In February 2007, Kolesnikov writes, “Putin completed his foreign policy coming out at the Munich Security Conference, having in fact announced his further program of action” to restore Russia as a great power and the Kremlin as its controlling center. He then left things to Medvedev for a term, someone who wouldn’t challenge the regime Putin had set up.
That regime consisted of “the siloviki, the Orthodox chekists,’ the state oligarchs from among his friends, who had captured the national wealth, and state capitalism in the economy. As a result, Medvedev made little difference, and when Putin returned in his third “age,” he could continue in the directions he had pursued earlier.

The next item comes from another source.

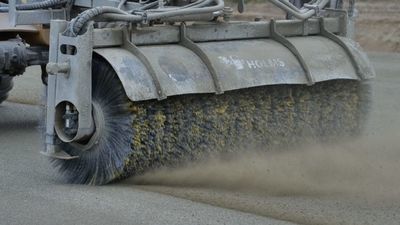 Zdjęcie ilustracyjne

In the protests against the elections, Putin “did not see a serious occasion to enter into dialogue with the square.” Instead, in order to maintain his system, he increasingly turned to repression to keep the people in line via a series of repressive laws and actions, Kolesnikov continues.

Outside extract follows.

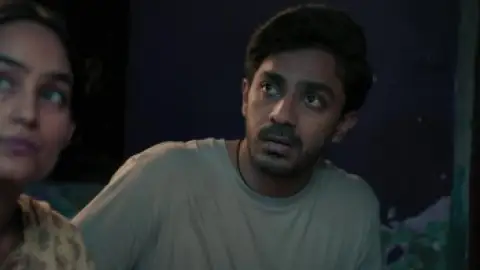 Download Nishaanchi 2 2025 Hindi HDRip Full Movie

Indeed, one can say that Putin in his third “age” “opened two fronts: one against the West and the second against the civil society of Russia.” His ratings fell off but then something unexpected happened: the patriotism generated by his war against Ukraine beginning in 2014 pushed his ratings higher than they had ever been.
But now five years later, he is experiencing falling ratings. The Crimean consensus has collapsed, and Russians say that “we are already great again,” but also say that they want to have a better life. In short, Putin’s two social contracts with the Russian people, one based on improving the standard of living and the other on hurrah patriotism have disintegrated.
Today, the New Times commentator says, “there is no new formula for a renewed contract.” And so Putin is relying on repression, surrounding himself with others whose only desire is that the current regime survive so that they can pass on their power and wealth to their offspring.
“Putin marked his 20th anniversary in power in a submarine at the bottom of the sea and then at a session of the Security Council where alongside him sat people who resemble those who would have been present in the Politburo under Brezhnev, Andropov or Chernenko, people who only want the present to continue because they have no vision of the future.
But neither they nor Putin know whether the present can be maintained forever by force alone. It almost certainly cannot as the end of the Soviet system demonstrated. And that raises the bigger question: is there any possibility that there will be a “fourth age” of Putin or will he and his system end in the dustbin of history as did his Soviet predecessors?